[[ Provided entries open ]]
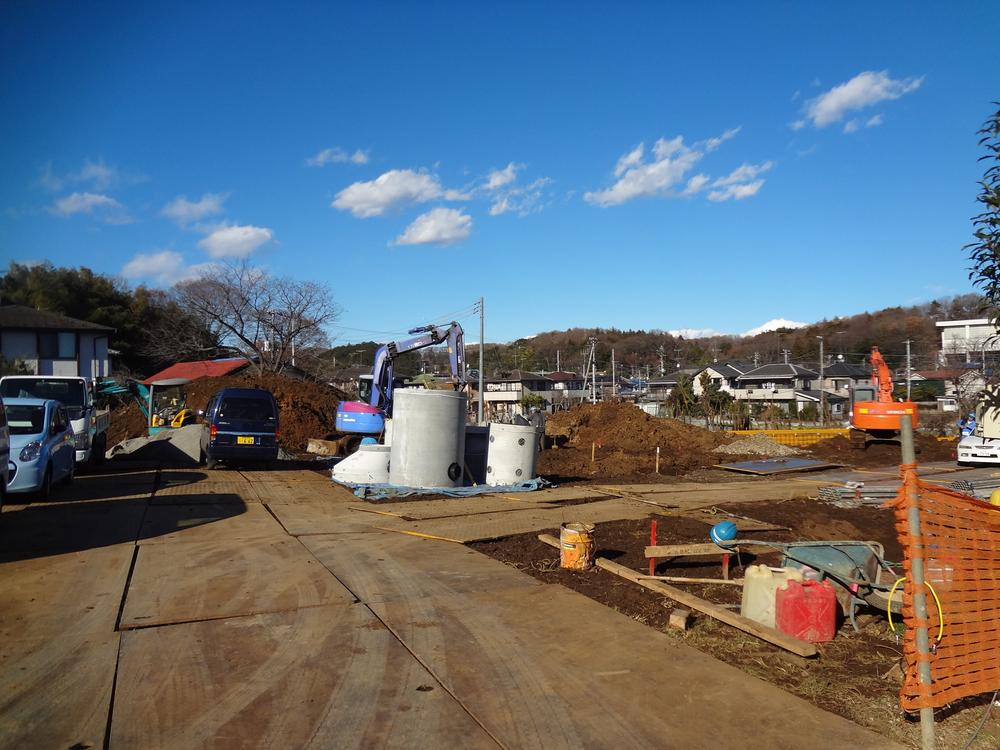 Local land photo. Local (12 May 2013) Shooting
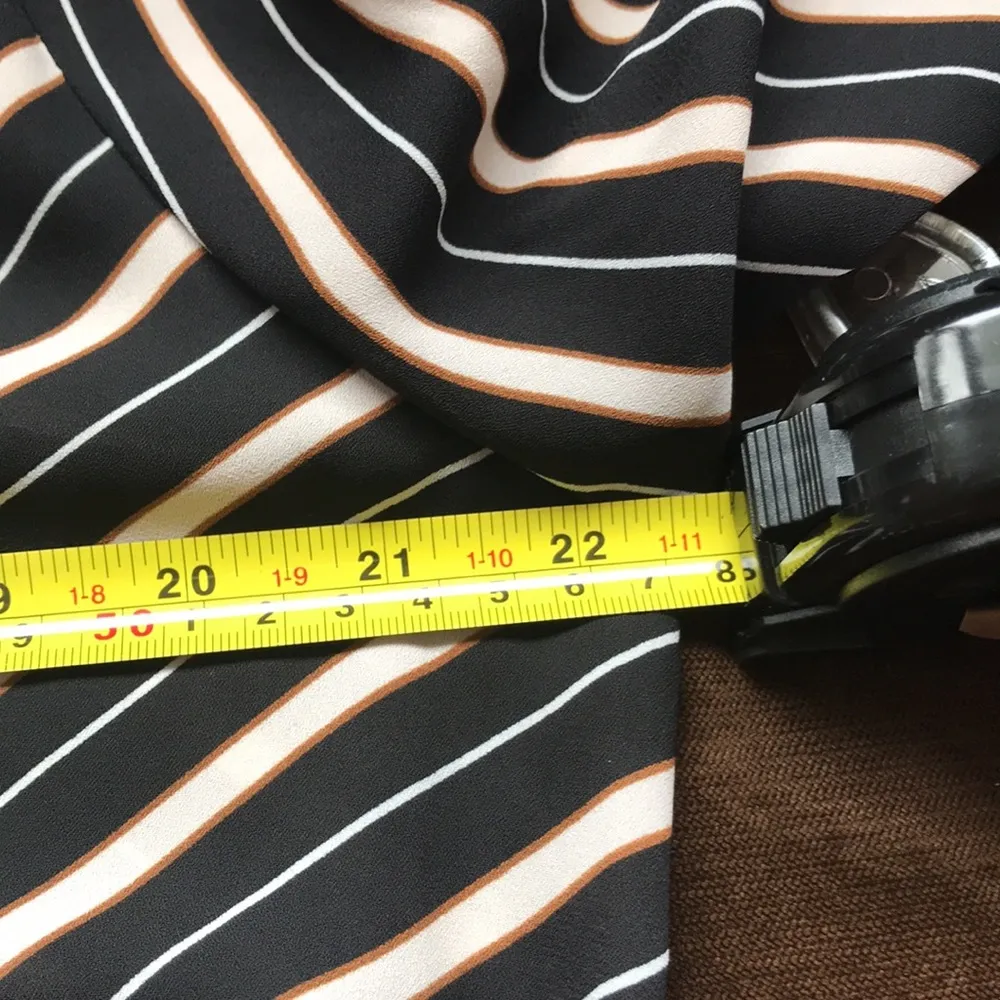 Ann Taylor Blouse Button  Black Cream Stripes Long Sleeve sheer flowy, size M - Image 9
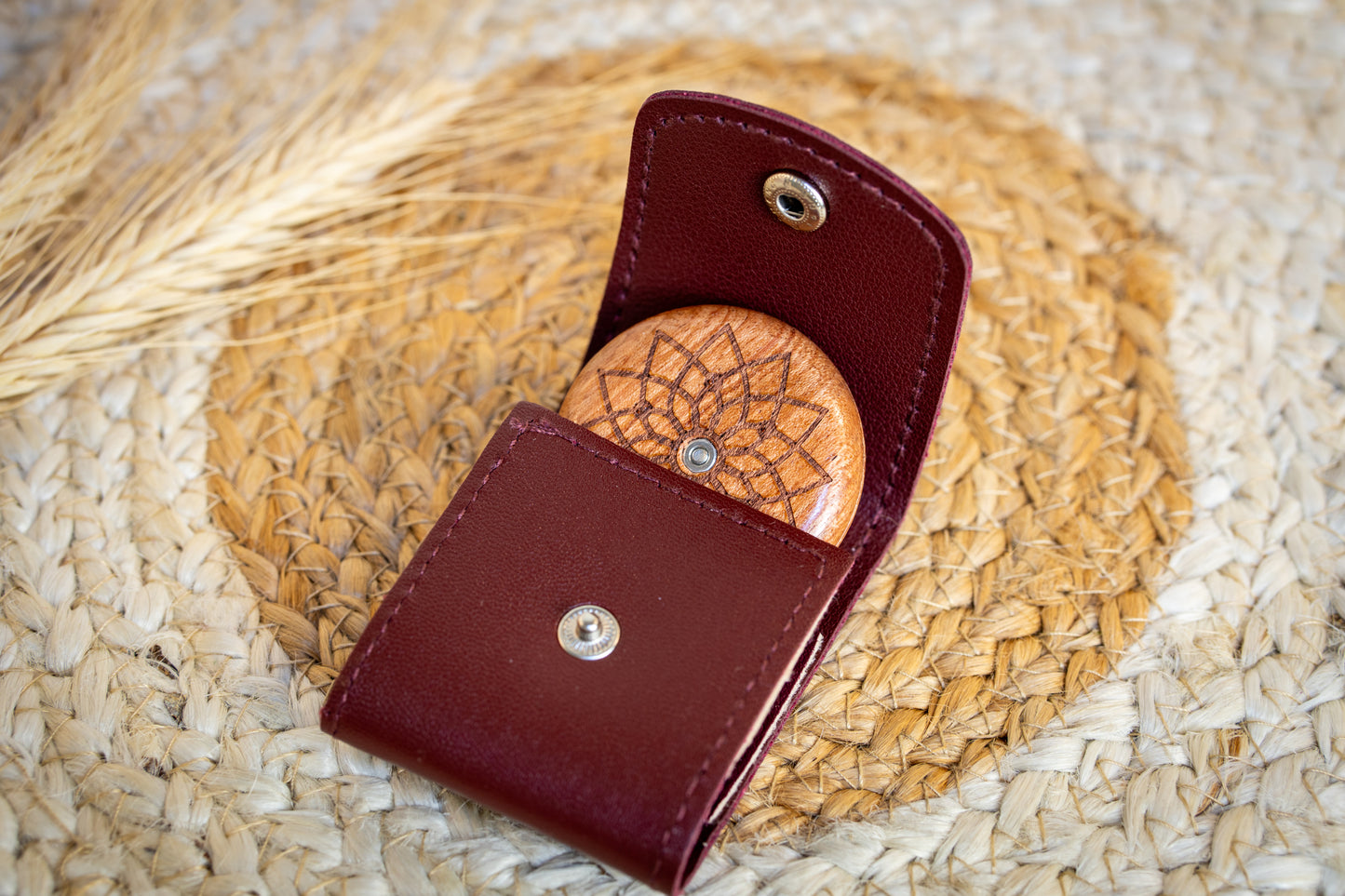 UFO Bread Lame with Leather or Felt Case – Artisan Scoring Tool
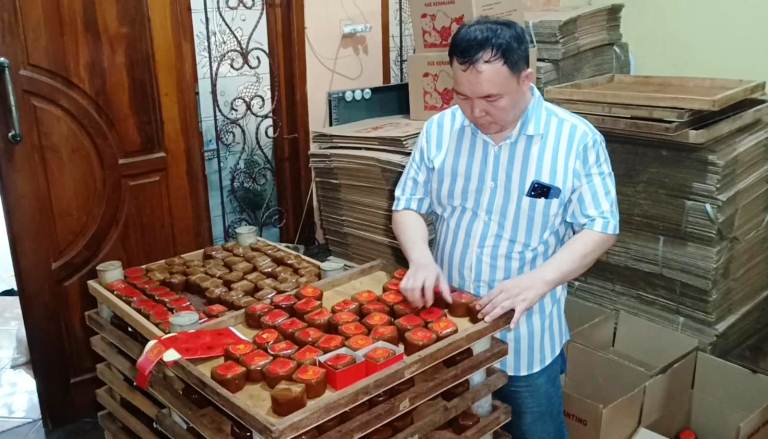 Jelang Imlek, Usaha Kue Keranjang di Kalidami Kebanjiran Pesanan
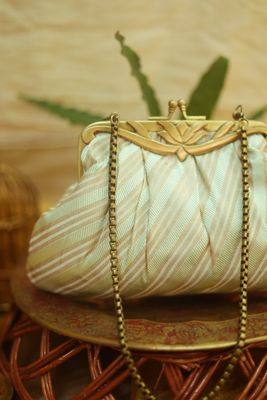 Gold And Copper Leheria kamalam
[[ Provided entries closed ]]
> _What is required_:
Lines from the one that holds "UFO Bread Lame" through the final line of the material are to be duplicated exactly; no pictures belong in the copy.

> _Solution to this exercise_:
 UFO Bread Lame with Leather or Felt Case – Artisan Scoring Tool
 Jelang Imlek, Usaha Kue Keranjang di Kalidami Kebanjiran Pesanan
 Gold And Copper Leheria kamalam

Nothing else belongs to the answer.